Data Without Accountability
Finance runs on data, yet its integrity remains fragile. The LIBOR scandal showed how easily benchmark data could be manipulated when responsibility was unclear. More recently, attention has shifted to ESG metrics, where firms increasingly rely on self-reported data under frameworks such as the EU’s Sustainable Finance Disclosure Regulation and the UK’s Sustainability Disclosure Requirements.
The assumption is that more data improves transparency. In reality, it can obscure accountability. Complex scoring systems and ratings models create the appearance of rigour while masking who is responsible for underlying judgements. This opens the door to what some call “ethics washing”, where firms appear compliant through sophisticated reporting.
AI-driven analytics add another layer of distance. Decisions become embedded in models rather than owned by individuals. Without clear accountability, better data does not prevent misconduct. It simply makes it harder to trace.
Leadership Immunity
One of the most corrosive weaknesses in financial ethics programmes is the widespread belief that senior leaders rarely face meaningful consequences. When accountability appears uneven, credibility collapses. Staff quickly notice when junior employees are disciplined while senior executives remain insulated.

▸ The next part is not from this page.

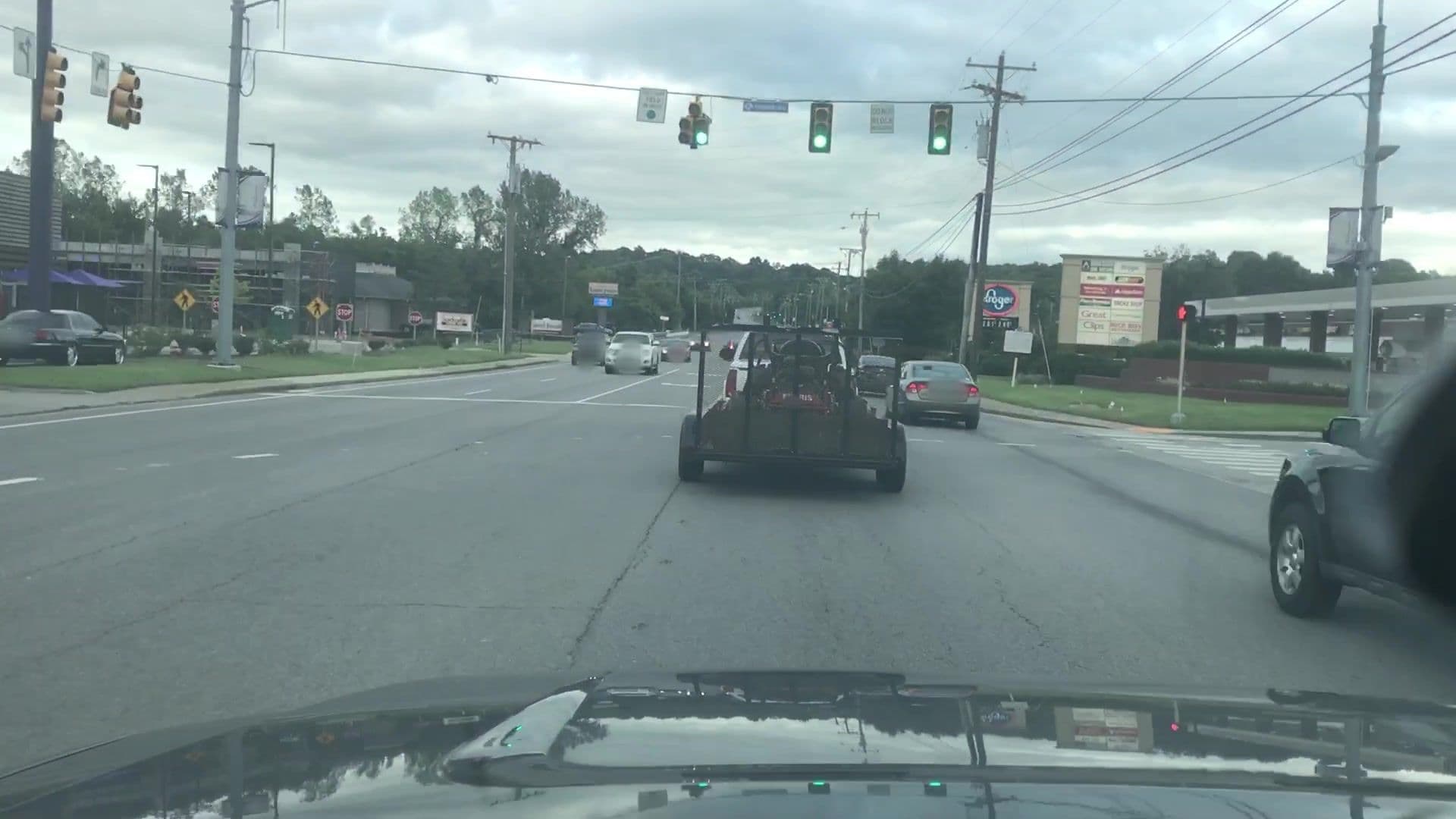 Street view near A New Red Light!!!!, Goodlettsville — © lvl5 (CC BY-SA · Mapillary)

The UK’s SMCR was designed to address this by assigning clear personal responsibility to named individuals. It has improved clarity, yet high-profile enforcement against top executives remains limited. Responsibility may be defined on paper, but consequences are still rare in practice.

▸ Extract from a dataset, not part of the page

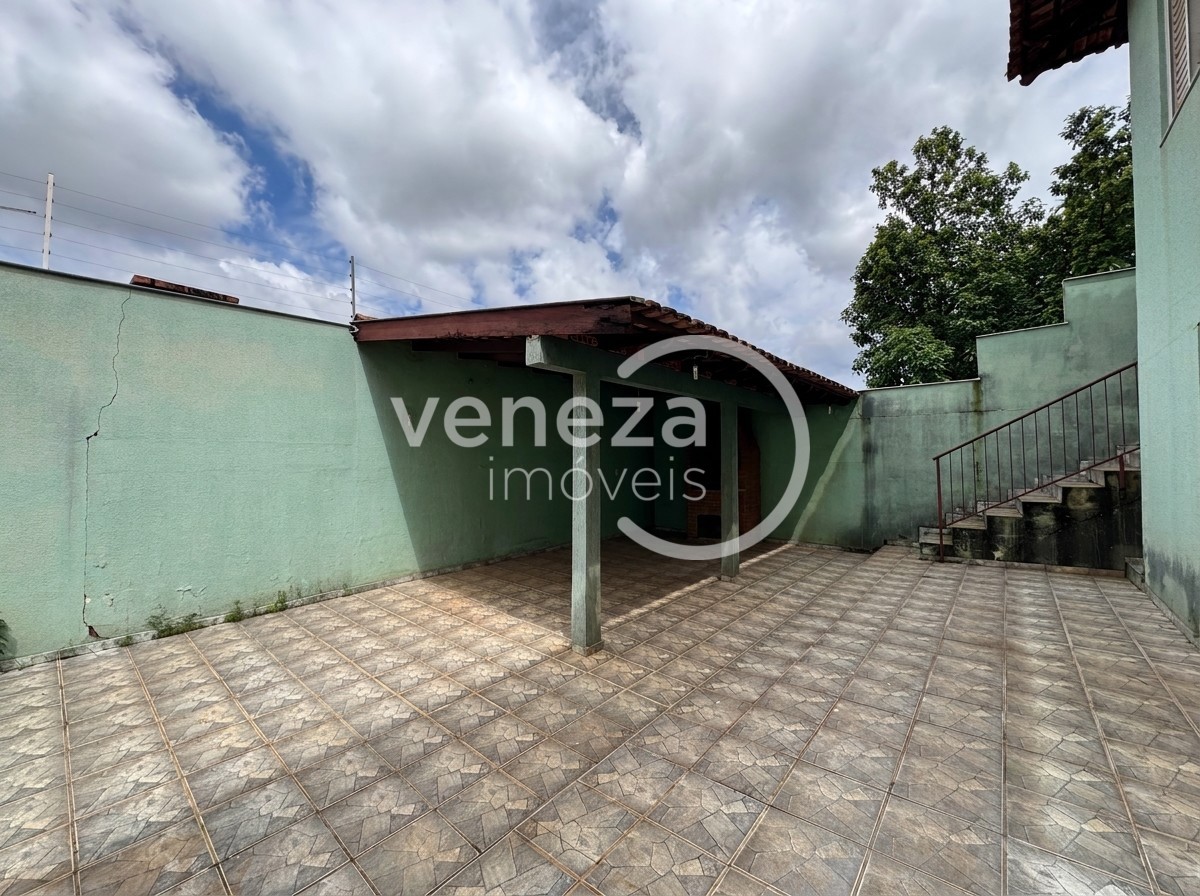 Casa Residencial para venda no bairro Jardim Alvorada de Londrina - Foto 32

Recent conduct failures across major banks have reinforced this perception. Firms often respond with internal reviews and governance changes, while senior leadership remains largely intact. Boards tend to prioritise reputational containment over visible accountability.
A growing trend is the use of collective decision-making as a shield. When responsibility is shared, it becomes difficult to attribute fault to any one individual. The result is a quiet erosion of trust. Without clear and visible accountability at the top, ethics programmes lose authority throughout the organisation.
Synthesis: Why Ethics Programmes Keep Failing
Across finance, a clear pattern emerges. Firms build compliance systems without ownership, design incentives without integrity, and operate complex structures without clear responsibility. Data proliferates, yet consequences remain weak, while senior leaders often avoid meaningful risk. These failures reinforce each other rather than exist in isolation.
The legacy of scandals such as LIBOR manipulation and widespread mis-selling in the UK shows how these dynamics combine in practice. Strong rules existed, yet accountability was diffuse.
Ethics programmes fail because they are built around systems rather than people. Policies, dashboards and controls cannot substitute for individual responsibility. Until accountability is clearly assigned and consistently enforced, even the most sophisticated frameworks will struggle to change behaviour.
Conclusion
The future of ethics in finance lies not in more policies but in stronger accountability architecture. That means clearly named individuals responsible for key risks, consistent use of clawbacks and sanctions, and transparent mapping of who makes decisions and why. Regulators in the UK are already moving in this direction through frameworks such as the SMCR, with similar thinking emerging across European supervision.
Technology will also play a role, but its value will depend on whether it tracks responsibility as well as outcomes. Systems can highlight what went wrong, but they must also show who was accountable.
Until accountability becomes visible and unavoidable at every level, ethics will remain more performance than practice. In finance, real change will only come when responsibility is personal and cannot be ignored.
And what about you…?
- If a major ethical breach occurred in your organisation tomorrow, could you clearly identify who is personally accountable—or would responsibility be spread too thinly to act decisively?
- How often do your ethics and compliance processes influence real decision-making, rather than simply documenting it after the fact?